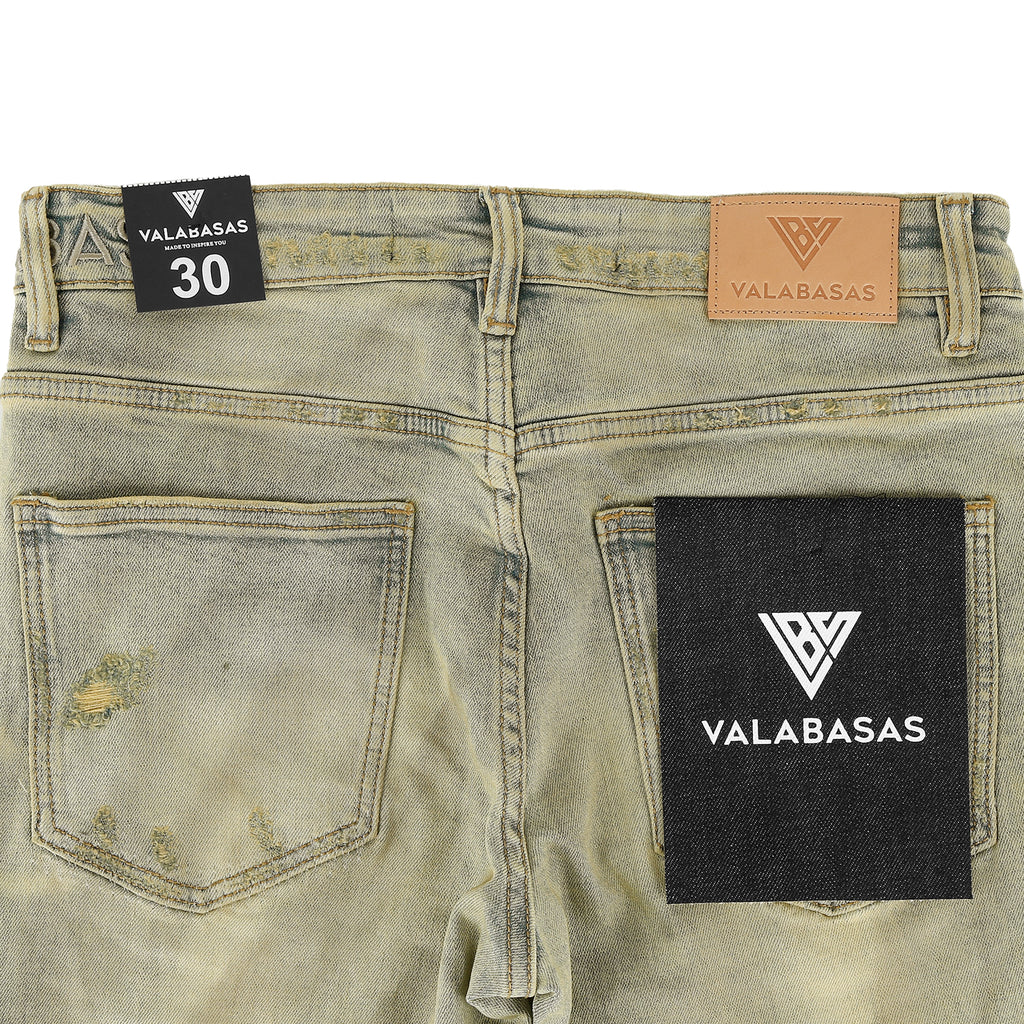 VALABASAS / ヴァラバサス コラージュ スキニー デニム 601vlbsvj11011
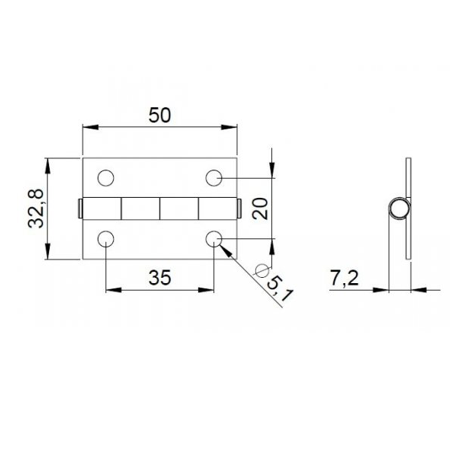 Zawias 2601  Adam Hall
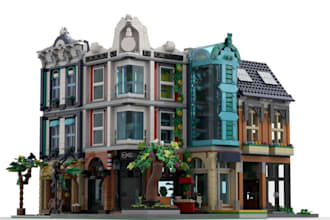 design custom lego models, lego moc with bricklink studio and PDF instructions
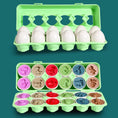 Load image into Gallery viewer, 12 Matching Eggs Montessori Sensory Baby Toys Easter Eggs Chicken
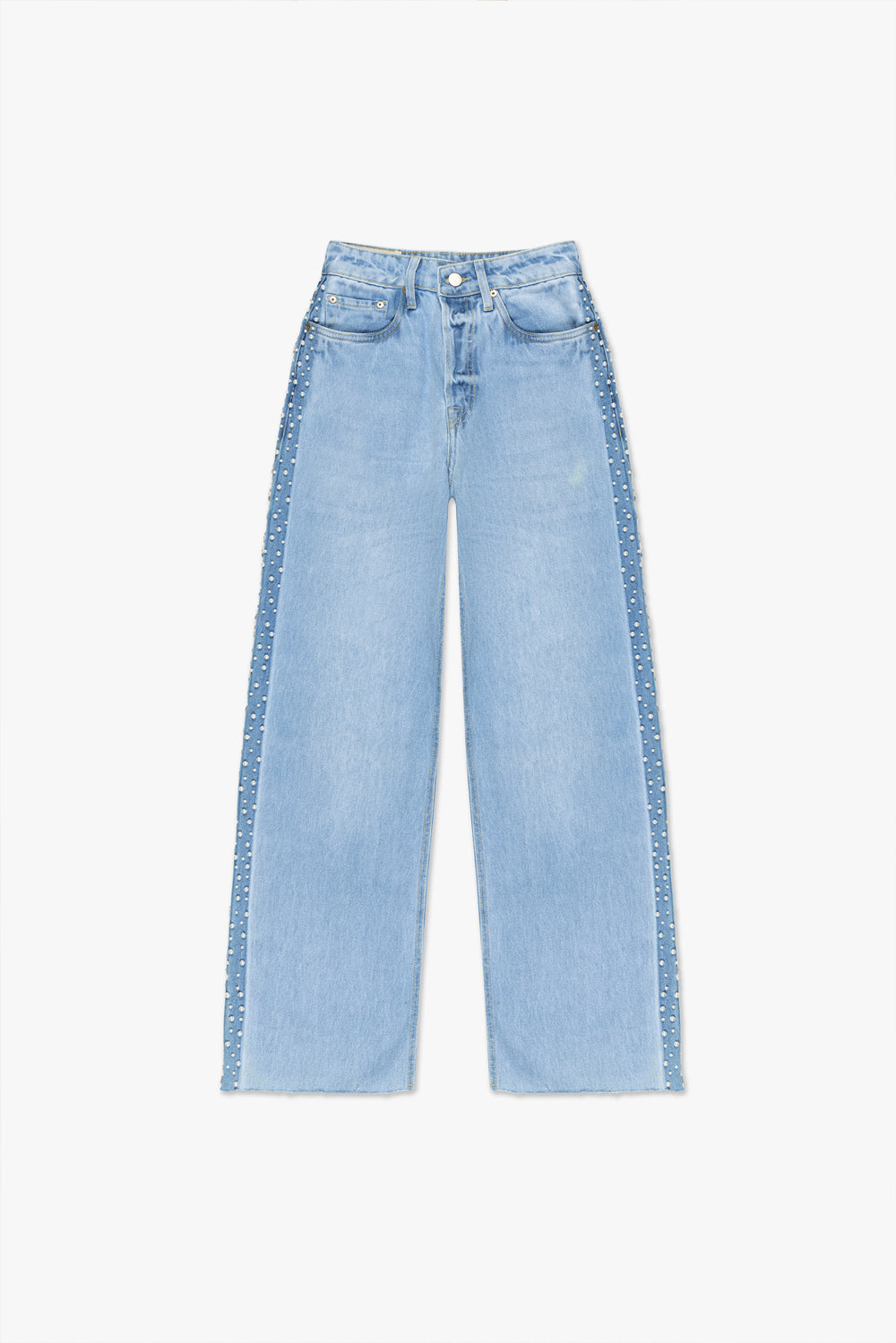 CALÇA BAGGY PEROLAS JEANS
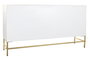 DKD Home Decor Buffet Moderno Cruz rombo Blanco Dorado 157 x 43 x 84 cm
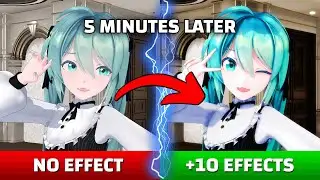 This 10 Easy-to-Use MMD Effects Combo Creates INSANE Visuals!【MikuMikuDance Beginner's Tutorial】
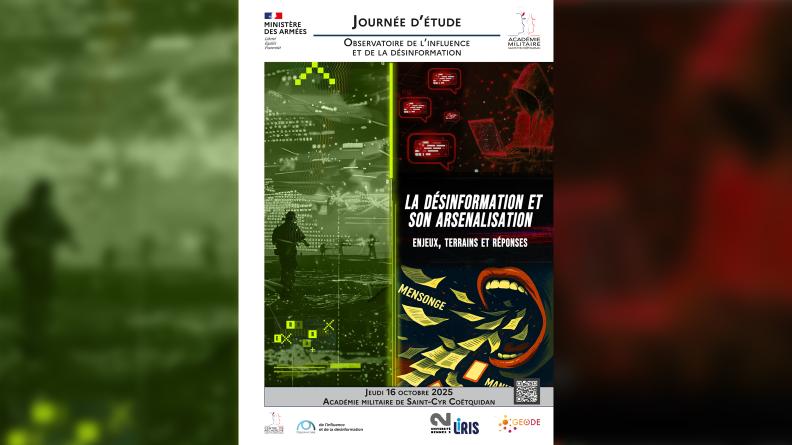 Visuel de la journée d'étude "La désinformation et son arsenalisation : enjeux, terrains et réponses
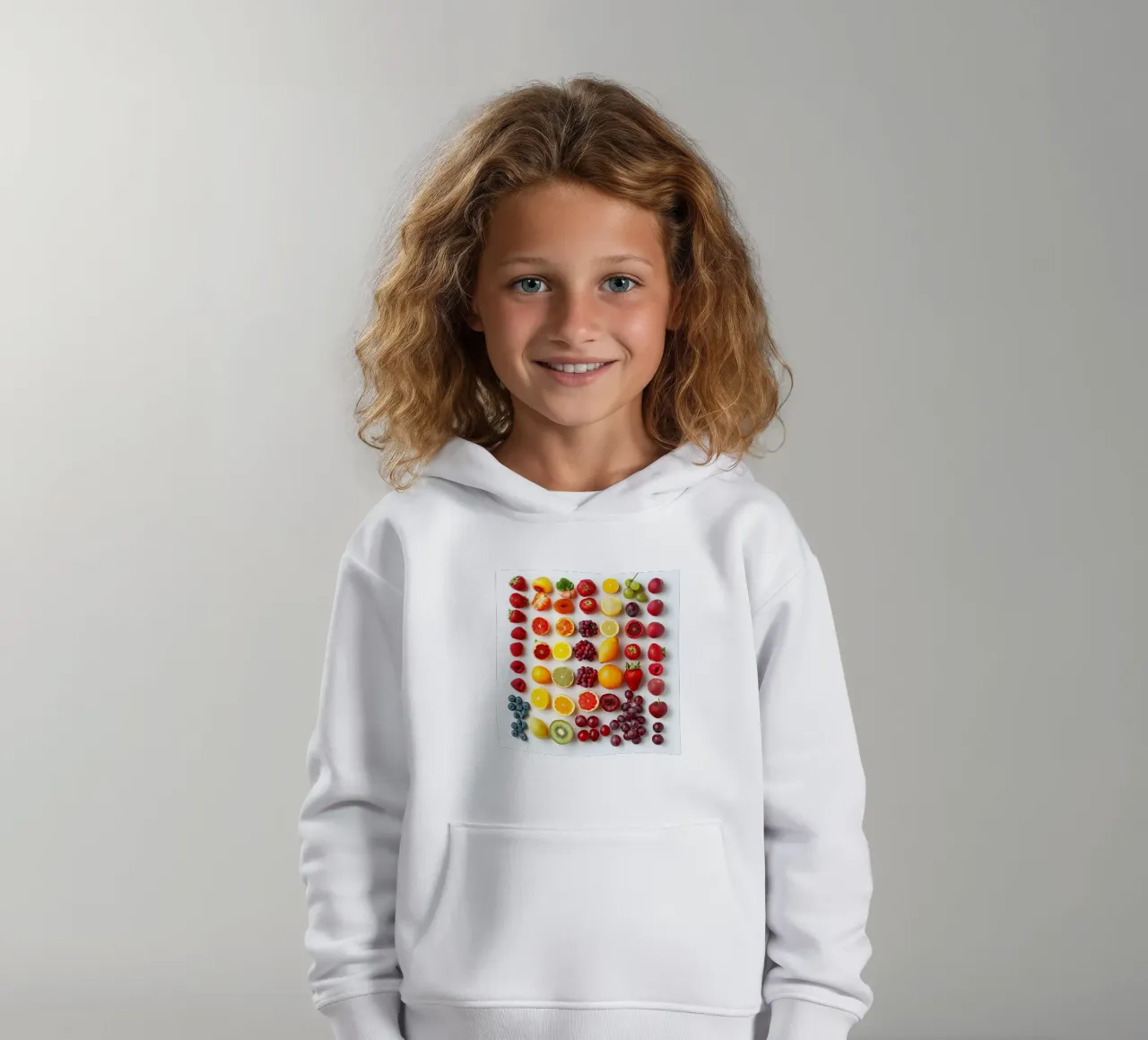 Colorful Fruits kids hoodie by Motivate-Today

◆ WHAT TO DO
If an entry contains a picture, skip the picture and reproduce everything else exactly.

◆ SOLUTION
 VALABASAS / ヴァラバサス コラージュ スキニー デニム 601vlbsvj11011
 Zawias 2601  Adam Hall
 design custom lego models, lego moc with bricklink studio and PDF instructions
 Load image into Gallery viewer, 12 Matching Eggs Montessori Sensory Baby Toys Easter Eggs Chicken
 CALÇA BAGGY PEROLAS JEANS
 DKD Home Decor Buffet Moderno Cruz rombo Blanco Dorado 157 x 43 x 84 cm
 This 10 Easy-to-Use MMD Effects Combo Creates INSANE Visuals!【MikuMikuDance Beginner's Tutorial】
 Visuel de la journée d'étude "La désinformation et son arsenalisation : enjeux, terrains et réponses
 Colorful Fruits kids hoodie by Motivate-Today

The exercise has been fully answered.